Repository files navigation

🚀 AutoEIT: Meaning-Based Scoring of Sentence Transcriptions

📌 Overview

This project implements an automated evaluation system for elicited imitation (EIT) task responses, scoring learner transcriptions against prompt sentences using a meaning-based rubric.
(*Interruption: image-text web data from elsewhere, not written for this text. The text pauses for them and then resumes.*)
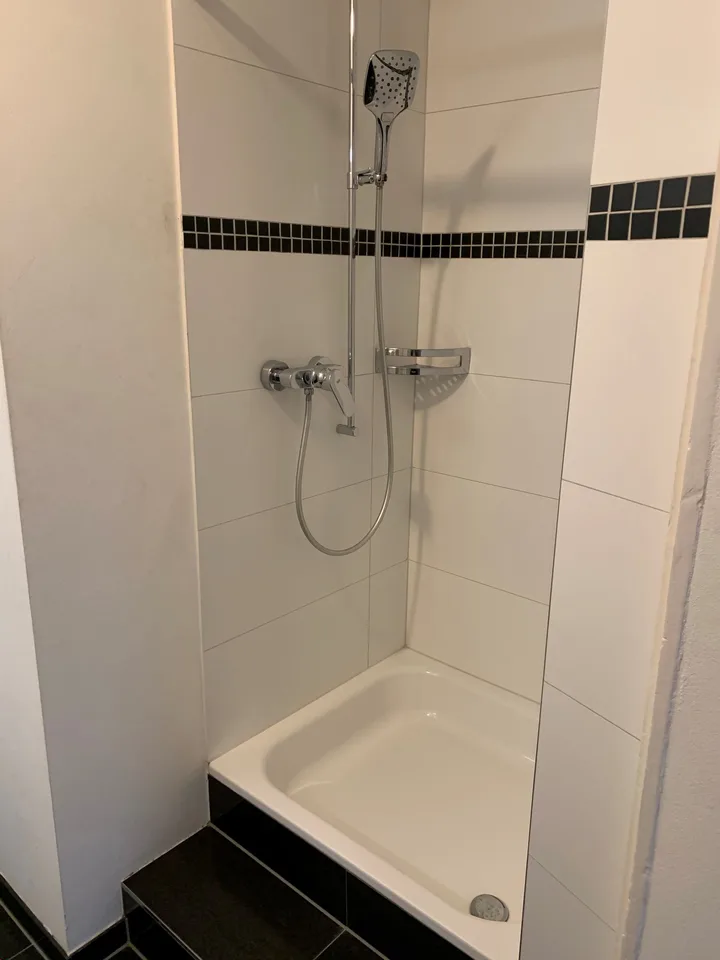 5-room apartment in the village center – photo 16 of 18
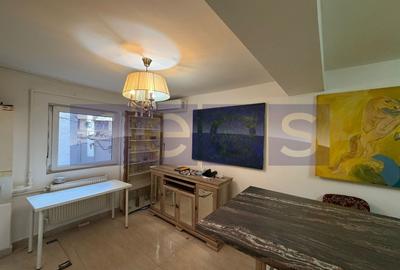 Casă individuală cu 8 camere în Unirii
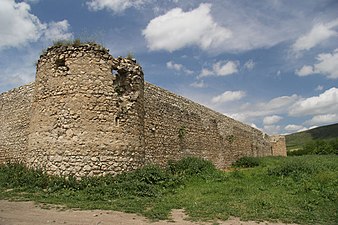 Monastırı əhatə edən qala divarları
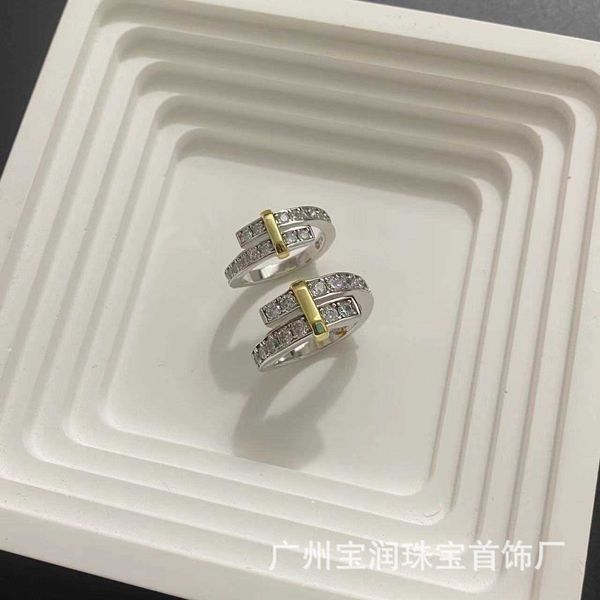 original new tiffay edge ring surrounding s925 sterling silver full diamond advanced ins
original new tiffay edge ring surrounding s925 sterling silver full diamond advanced ins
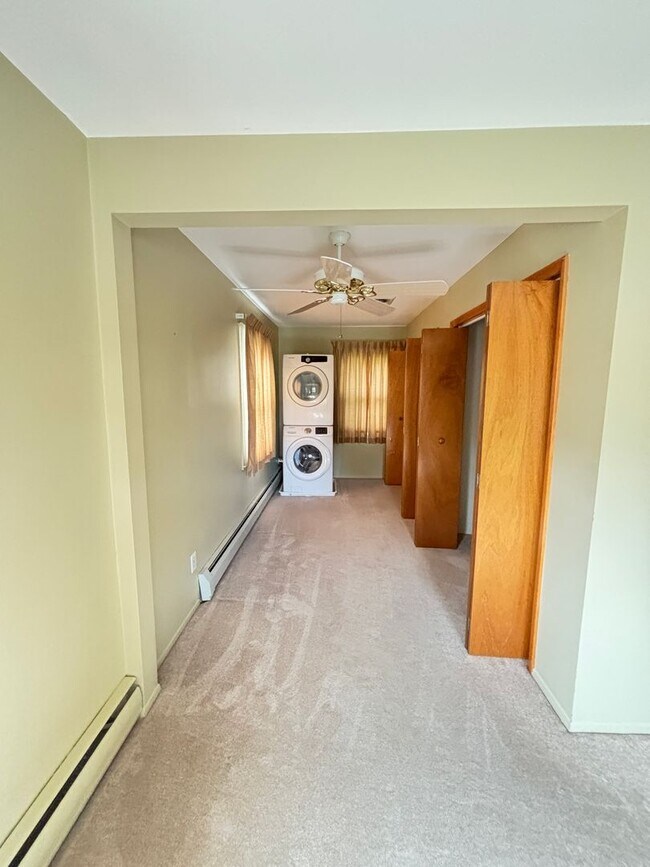 Building Photo - Spacious 3br Home for rent located in Whitehall, Echo Heights!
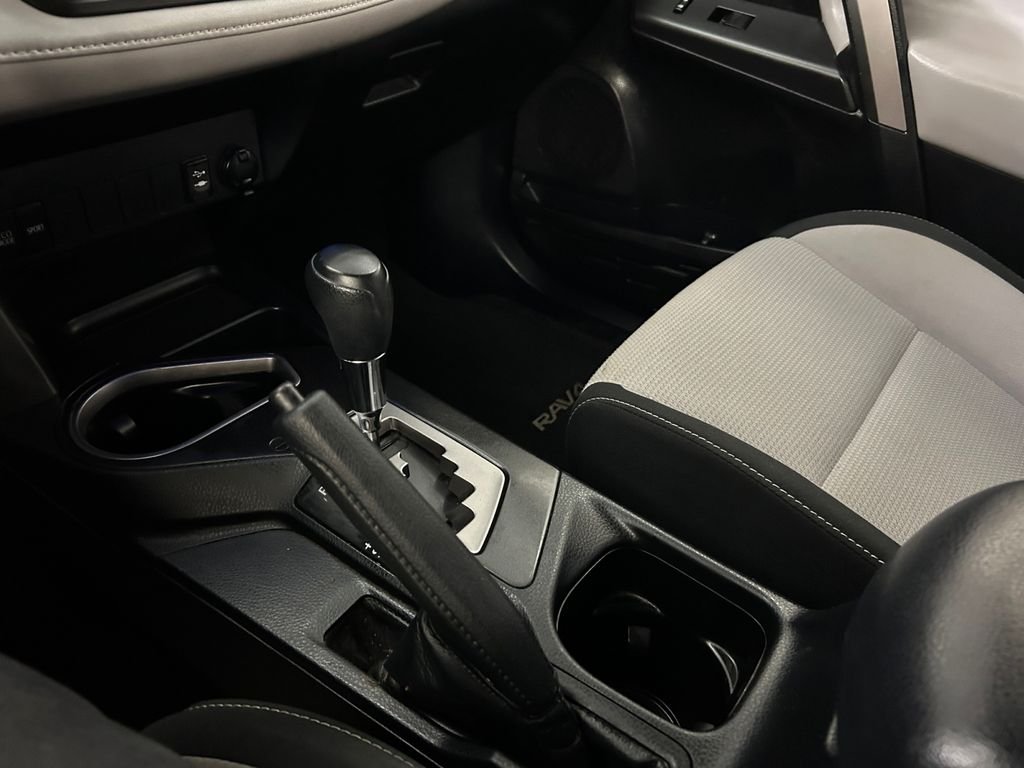 Used 2018 Silver Toyota XLE image 22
The system focuses on semantic understanding rather than exact matching, combining SBERT embeddings, feature engineering, and a neural network for robust scoring.


🎯 Key Features

  • Semantic similarity using Sentence-BERT (SBERT)
  • Hybrid feature engineering (semantic + lexical + structural)
  • Feature interaction modeling (absolute difference, element-wise product)
  • Attention-based neural network for scoring
  • Class imbalance handling (oversampling + weighted loss)
  • Reproducible pipeline with structured outputs

🧠 Methodology

1. Sentence Representation

  • Used SBERT (all-MiniLM-L6-v2)
  • Generated 384-dimensional embeddings for:
    • Prompt sentences
    • Learner transcriptions

2. Feature Engineering

Embedding-Based Features

  • Prompt embeddings
  • Learner embeddings
  • Absolute difference
  • Element-wise product

Linguistic Features

  • Cosine similarity
  • Edit distance (Levenshtein)
  • Word overlap ratio
  • Length difference

3. Feature Fusion

All features are combined into a 1540-dimensional vector: [384 + 384 + 384 + 384 + 4] = 1540


4. Model Architecture

Custom PyTorch model (EITScorer):

  • Fully connected layers: 1540 → 512 → 256
  • Batch Normalization
  • Attention mechanism
  • Dropout (0.3)
  • Output: 5 classes (scores 0–4)

5. Handling Class Imbalance

  • Stratified train-test split
  • Oversampling minority classes
  • Class-weighted loss function

📊 Evaluation Strategy

  • Consistency checks across similar errors
  • Manual validation for semantic correctness
  • Edge case testing (paraphrases, incomplete responses)
  • Feature ablation insights

📂 Project Structure

AutoEIT/ ├── python.ipynb ├── Soumya_TestResults.csv ├── Soumya_TestResults.pdf ├── auto_eit_clean_dataset.csv ├── README.md


⚙️ Tech Stack

  • Python
  • PyTorch
  • Sentence-Transformers (SBERT)
  • Scikit-learn
  • RapidFuzz
  • Pandas / NumPy

▶️ How to Run

pip install -r requirements.txt

jupyter notebook


🚧 Challenges

  • Capturing meaning beyond surface-level matching
  • Handling class imbalance in scoring labels
  • Designing robust multi-feature representations
  • Preventing overfitting

🌱 Future Work

  • Fine-tune SBERT on domain-specific data
  • Add explainable scoring (feature importance)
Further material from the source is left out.